Una ricerca del Politecnico di Milano ha individuato ben sette macro-aree di applicazione dell’ “Internet of Things”: dalle smart-city alla sanità. Quali sono attualmente, in Italia, le maggiori applicazioni in questa logica?

Sicuramente siamo molto attivi nel campo delle Smart City. Le grandi città, come Roma e Milano, utilizzano varie apparecchiature che rientrano nella prima categoria individuata dall’Osservatorio Internet of Things del Politecnico. Semafori connessi a videocamere, rilevatori di fumo gestiti da remoto e quelle che vengono chiamate “smart grid” (gestione intelligente degli apparati elettrici e idraulici) sono una realtà. La sfida è poter trasferire questi dispositivi almeno in tutti i capoluoghi di provincia. Si tratta di tecnologie scalabili, ovvero che si possono adattare ad ogni situazione, con evidenti vantaggi e risparmi economici (ad esempio si potrà conoscere ciclo di vita di un tubo prima che si rompa concretamente e debba essere sostituito).
I cittadini forse non si accorgono molto di questi cambiamenti. Sotto questo punto di vista, l’IoT che sfonderà sarà di certo quello della categoria degli indossabili.
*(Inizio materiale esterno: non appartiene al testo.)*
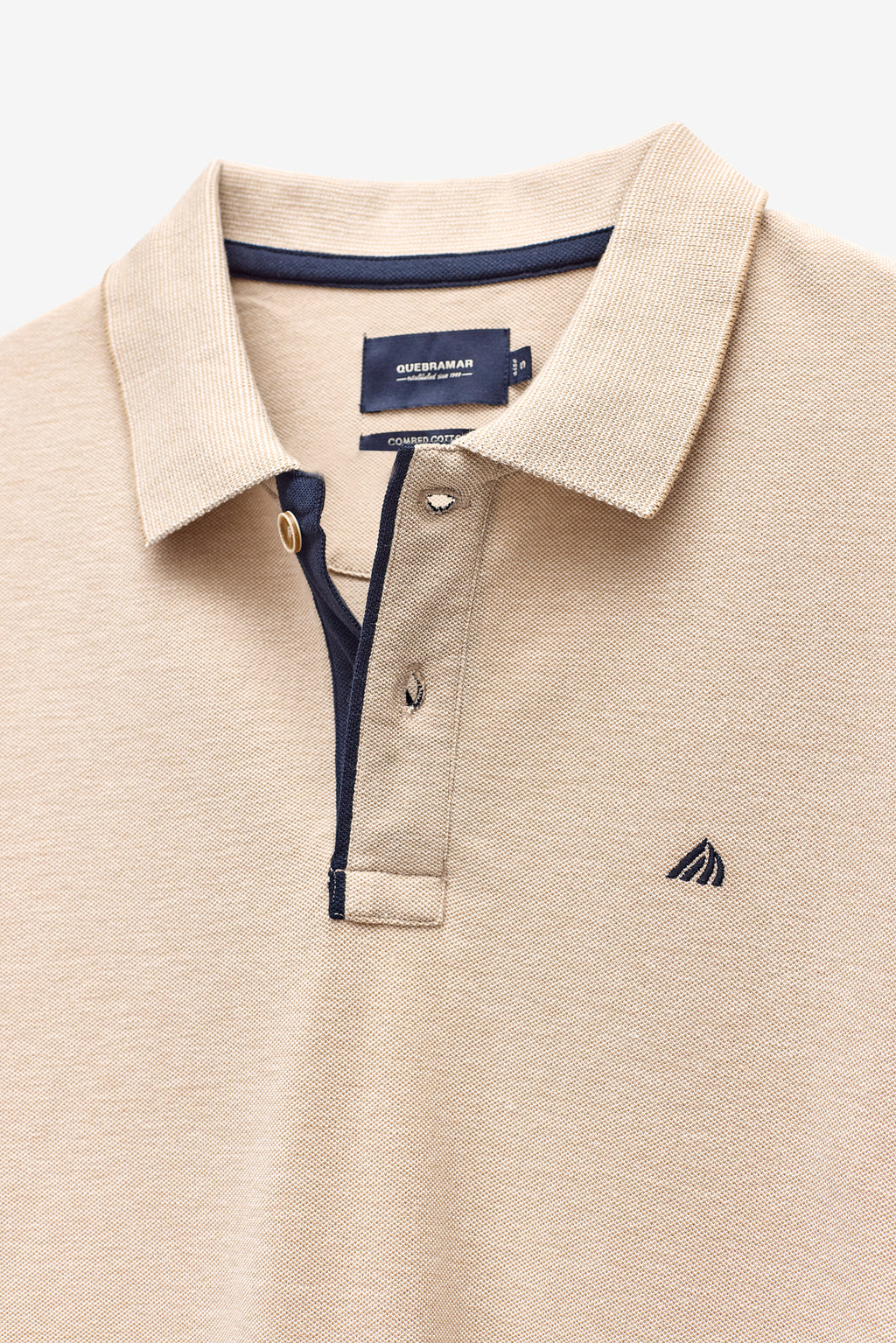 POLO COM EFEITO OXFORD MELANGE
Una frontiera interessante sono gli “indossabili”. Ci spiega il significato?

Non bisogna confondere l’Internet delle cose con le tecnologie indossabili o wearable, concetto molto di moda ultimamente che è solo una delle declinazioni di IoT. Per indossabili ci si riferisce infatti a dispositivi capaci di comunicare con la rete, piccoli e da poter propriamente “indossare”. Che si tratti di occhialini, bracciali, orologi o fotocamere, siamo dinanzi ad accessori che hanno quasi perso la loro caratteristica principale per assumere forme e utilizzi diversi, grazie all’accesso alla rete. Possiamo considerare gli indossabili come una categoria dell’Internet delle cose. Di certo è quella più vicina alle persone per via dei costi più accessibili (ci sono braccialetti anche a meno di 100 euro) e della possibilità di essere portati sempre con sé (non mi sognerei mai di viaggiare con un rilevatore di fumo intelligente, mentre con uno smartwatch si, e avrebbe anche più senso).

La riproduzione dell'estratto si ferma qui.